▸ **DATA PROVIDED**:

----------

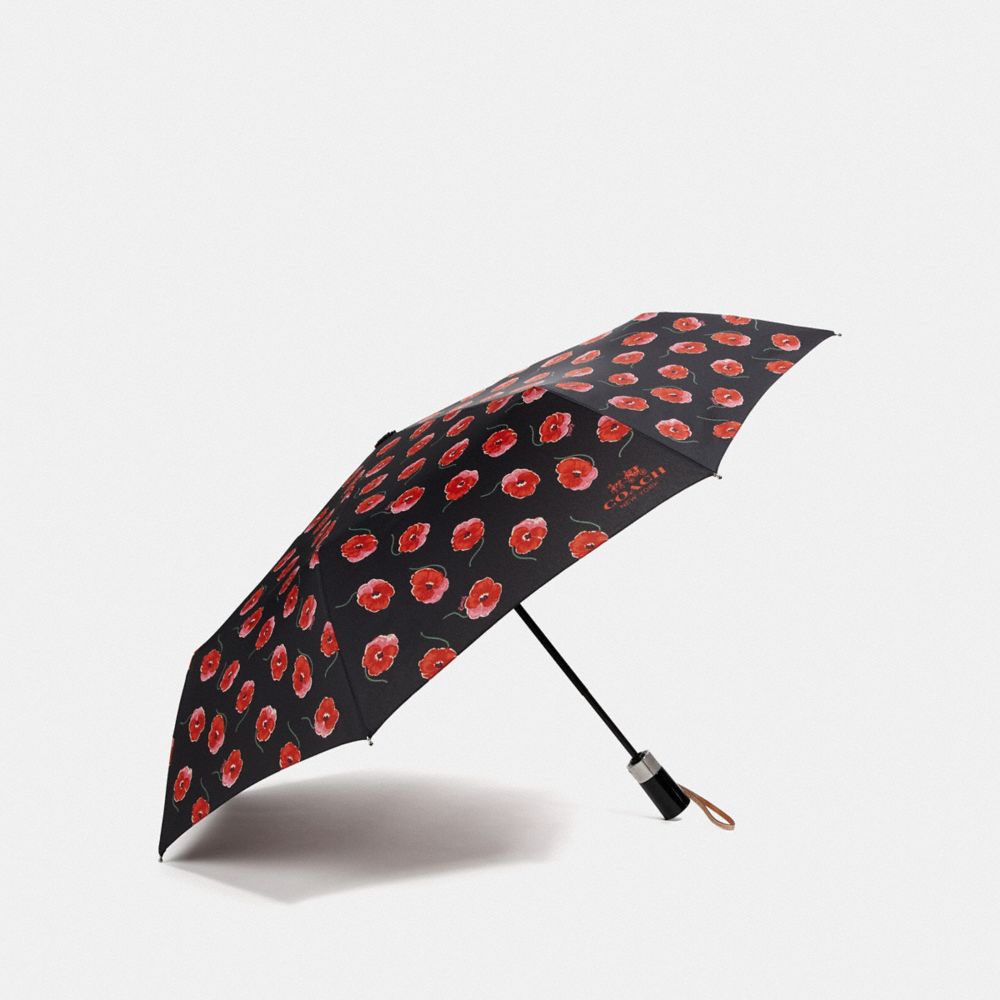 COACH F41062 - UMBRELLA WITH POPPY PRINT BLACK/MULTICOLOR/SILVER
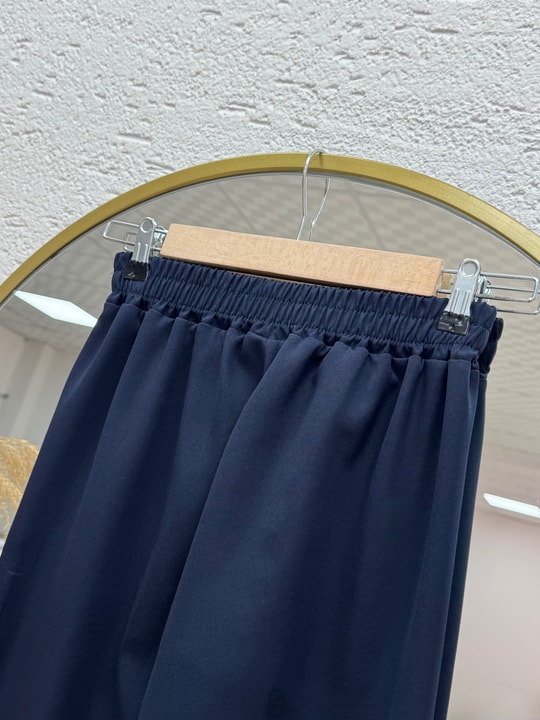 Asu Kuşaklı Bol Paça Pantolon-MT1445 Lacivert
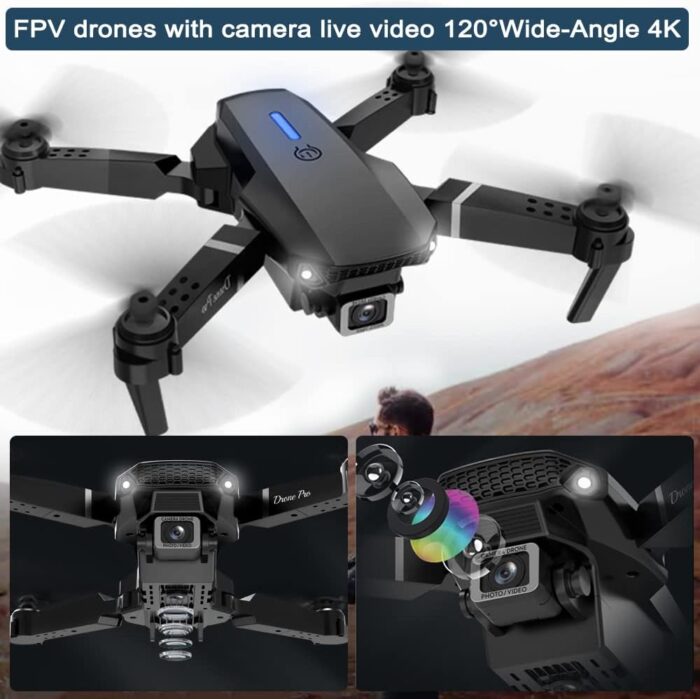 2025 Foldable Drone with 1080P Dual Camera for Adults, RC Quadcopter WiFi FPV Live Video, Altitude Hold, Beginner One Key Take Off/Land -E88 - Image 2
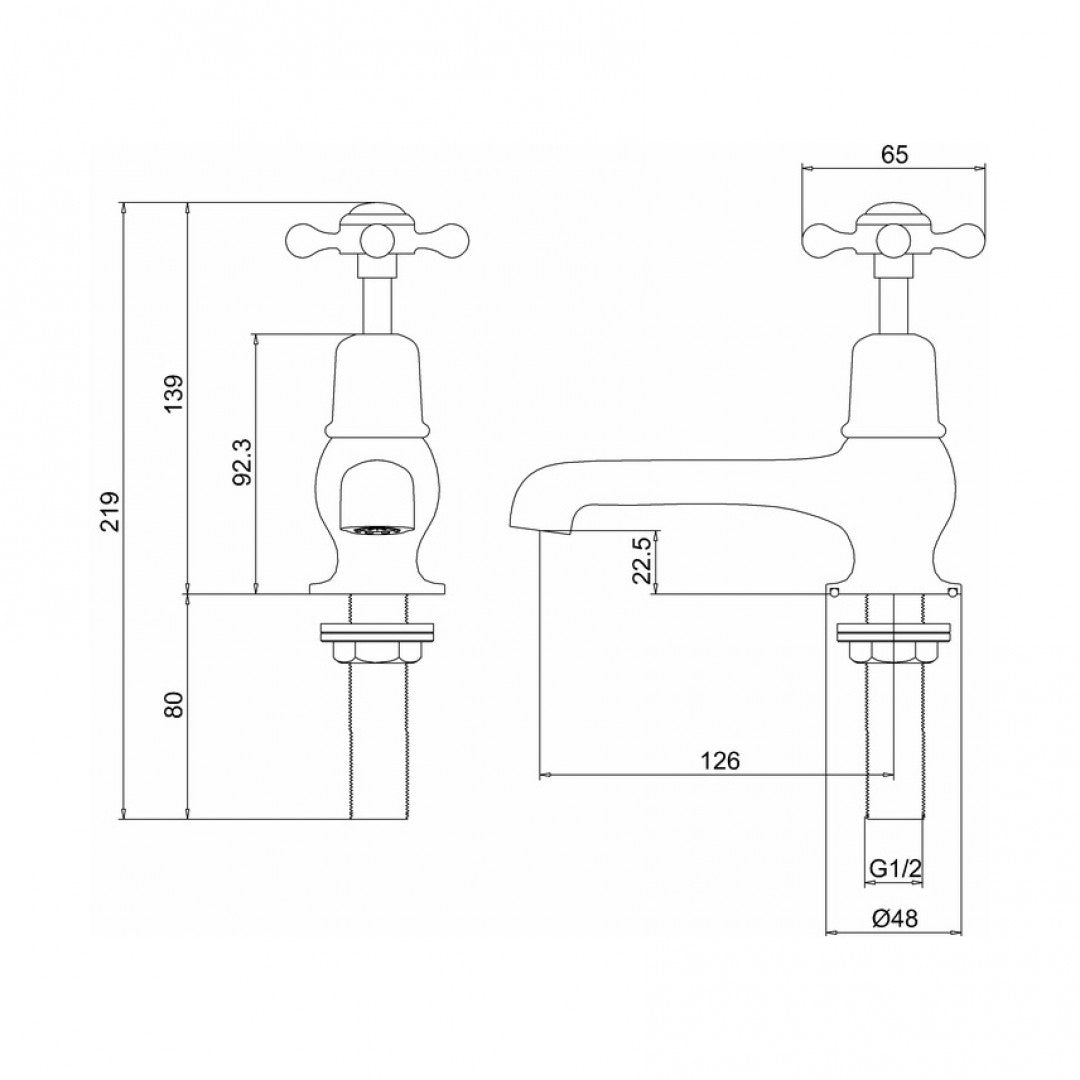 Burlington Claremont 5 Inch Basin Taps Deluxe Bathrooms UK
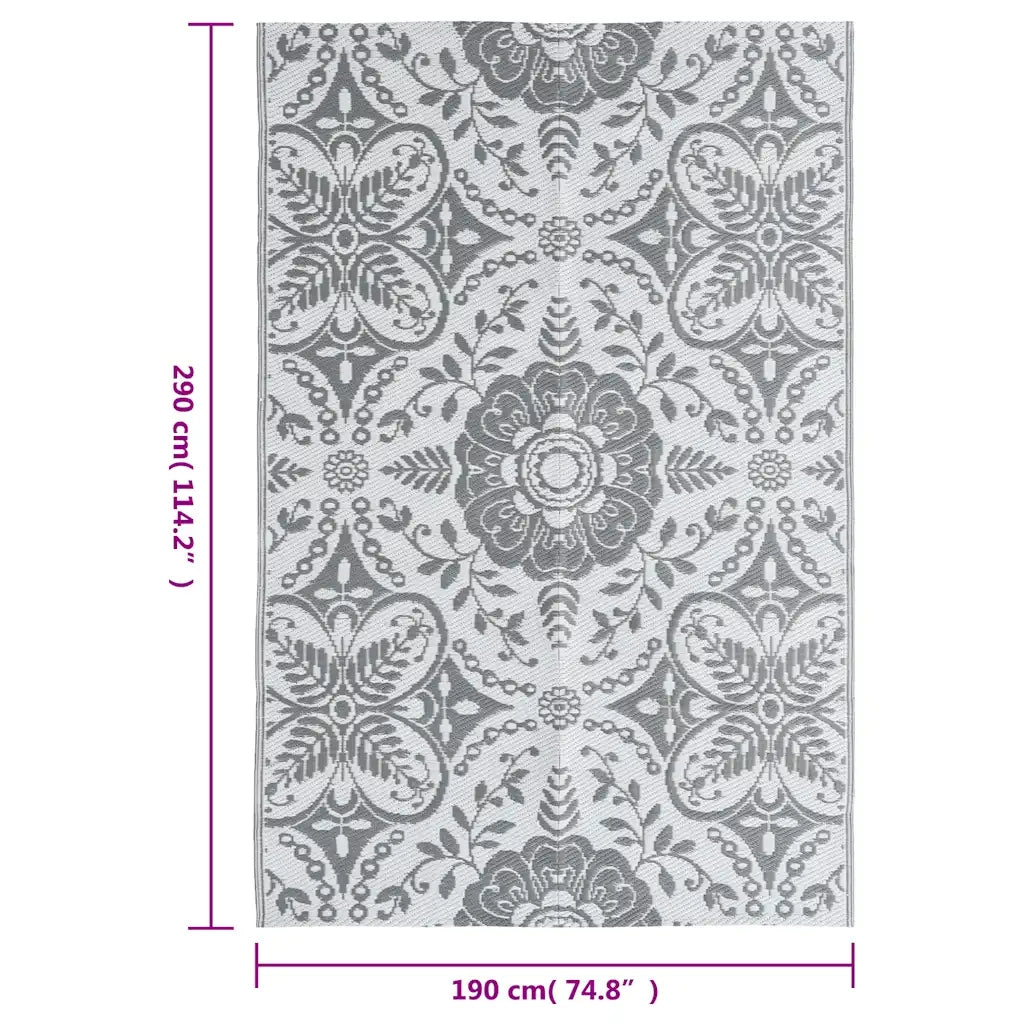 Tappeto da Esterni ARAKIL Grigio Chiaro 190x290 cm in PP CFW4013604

----------

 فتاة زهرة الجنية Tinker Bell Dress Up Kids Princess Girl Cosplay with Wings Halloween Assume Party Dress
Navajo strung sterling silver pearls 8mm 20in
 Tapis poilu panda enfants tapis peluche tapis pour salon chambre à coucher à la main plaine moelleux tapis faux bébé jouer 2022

----------

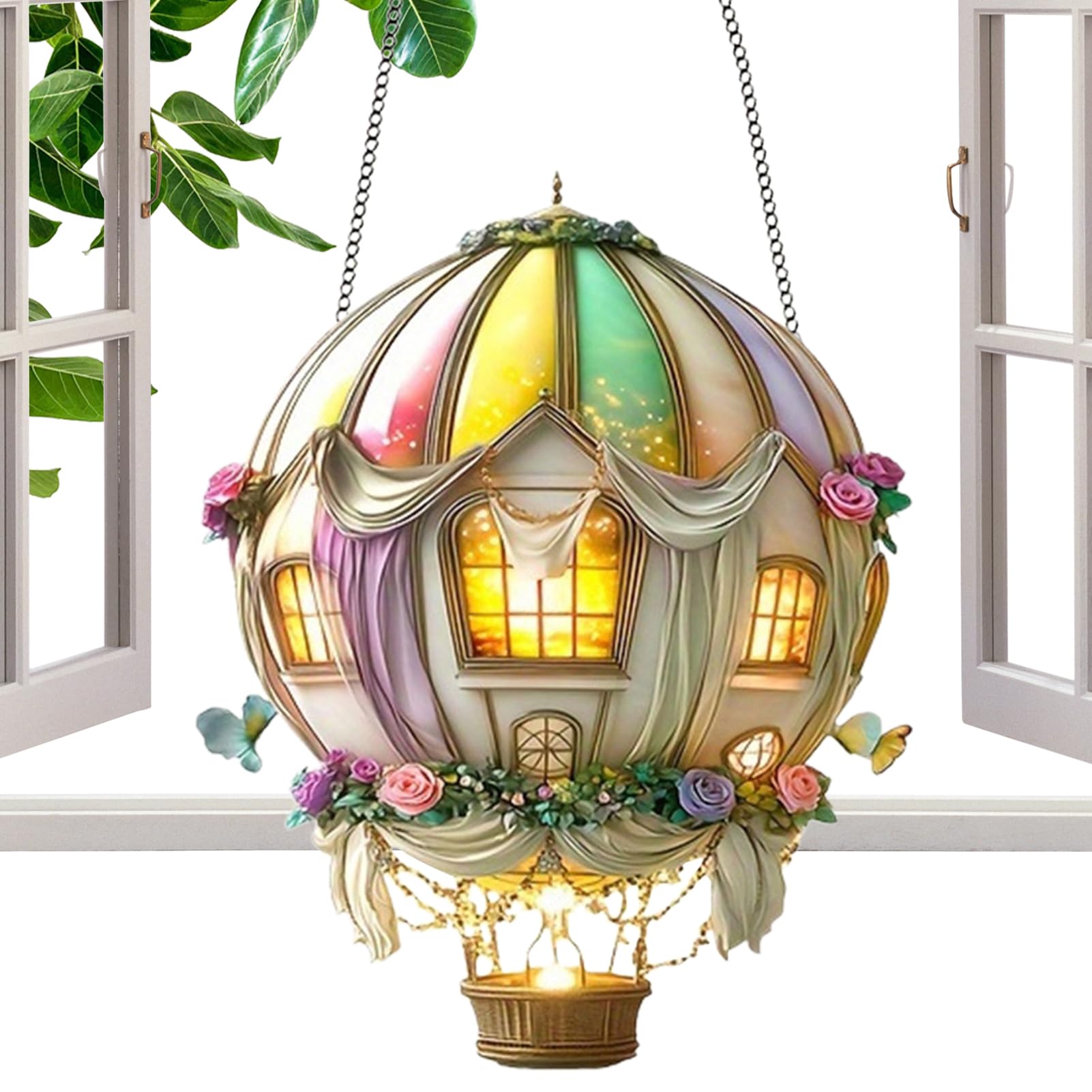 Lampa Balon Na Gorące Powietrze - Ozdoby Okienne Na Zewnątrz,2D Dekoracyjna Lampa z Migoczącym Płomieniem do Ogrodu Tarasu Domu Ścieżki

----------

▸ **TASK STATEMENT**:
Could the stretch from the line with "COACH F41062 - UMBRELLA" through the line with "2025 Foldable Drone" in the listing above be restated word for word, minus the pictures?

▸ **SOLUTION TO THE PROBLEM**:
 COACH F41062 - UMBRELLA WITH POPPY PRINT BLACK/MULTICOLOR/SILVER
 Asu Kuşaklı Bol Paça Pantolon-MT1445 Lacivert
 2025 Foldable Drone with 1080P Dual Camera for Adults, RC Quadcopter WiFi FPV Live Video, Altitude Hold, Beginner One Key Take Off/Land -E88 - Image 2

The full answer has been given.